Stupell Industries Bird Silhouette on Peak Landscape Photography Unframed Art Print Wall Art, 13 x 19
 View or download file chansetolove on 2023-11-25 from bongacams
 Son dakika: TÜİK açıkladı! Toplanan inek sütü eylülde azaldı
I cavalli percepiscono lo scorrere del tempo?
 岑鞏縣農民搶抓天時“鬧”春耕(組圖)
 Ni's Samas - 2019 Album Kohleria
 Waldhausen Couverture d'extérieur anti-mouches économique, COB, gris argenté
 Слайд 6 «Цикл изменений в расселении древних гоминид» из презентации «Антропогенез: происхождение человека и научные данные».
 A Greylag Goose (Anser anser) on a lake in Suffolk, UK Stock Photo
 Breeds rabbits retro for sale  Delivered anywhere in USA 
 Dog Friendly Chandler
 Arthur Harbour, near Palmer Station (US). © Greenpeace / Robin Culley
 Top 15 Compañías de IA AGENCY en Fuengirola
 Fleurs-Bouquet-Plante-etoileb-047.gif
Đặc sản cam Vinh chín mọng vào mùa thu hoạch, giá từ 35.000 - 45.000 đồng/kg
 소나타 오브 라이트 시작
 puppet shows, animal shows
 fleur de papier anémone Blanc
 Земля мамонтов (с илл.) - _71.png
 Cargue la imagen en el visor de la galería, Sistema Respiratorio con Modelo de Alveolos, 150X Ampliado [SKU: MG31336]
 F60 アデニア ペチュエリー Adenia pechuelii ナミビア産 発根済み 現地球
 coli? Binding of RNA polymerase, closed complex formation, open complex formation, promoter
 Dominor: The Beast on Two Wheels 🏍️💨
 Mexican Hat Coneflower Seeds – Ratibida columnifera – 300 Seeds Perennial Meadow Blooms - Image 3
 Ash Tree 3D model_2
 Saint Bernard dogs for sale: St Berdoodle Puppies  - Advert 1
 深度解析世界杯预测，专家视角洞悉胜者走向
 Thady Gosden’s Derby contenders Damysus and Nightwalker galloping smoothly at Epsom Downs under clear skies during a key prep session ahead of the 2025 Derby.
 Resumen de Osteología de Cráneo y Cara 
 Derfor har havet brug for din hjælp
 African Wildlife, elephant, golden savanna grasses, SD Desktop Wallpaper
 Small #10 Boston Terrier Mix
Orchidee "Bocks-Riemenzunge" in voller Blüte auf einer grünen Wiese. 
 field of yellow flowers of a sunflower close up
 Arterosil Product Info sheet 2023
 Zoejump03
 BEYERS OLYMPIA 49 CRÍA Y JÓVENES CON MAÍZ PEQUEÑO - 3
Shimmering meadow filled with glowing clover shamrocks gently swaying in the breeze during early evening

• [Work to be completed]
From the line containing "Breeds rabbits retro" down to the line containing "Fleurs-Bouquet-Plante-etoileb-047.gif" in the material above, reproduce every line exactly, including the two end lines.

• [Solved exercise]
 Breeds rabbits retro for sale  Delivered anywhere in USA 
 Dog Friendly Chandler
 Arthur Harbour, near Palmer Station (US). © Greenpeace / Robin Culley
 Top 15 Compañías de IA AGENCY en Fuengirola
 Fleurs-Bouquet-Plante-etoileb-047.gif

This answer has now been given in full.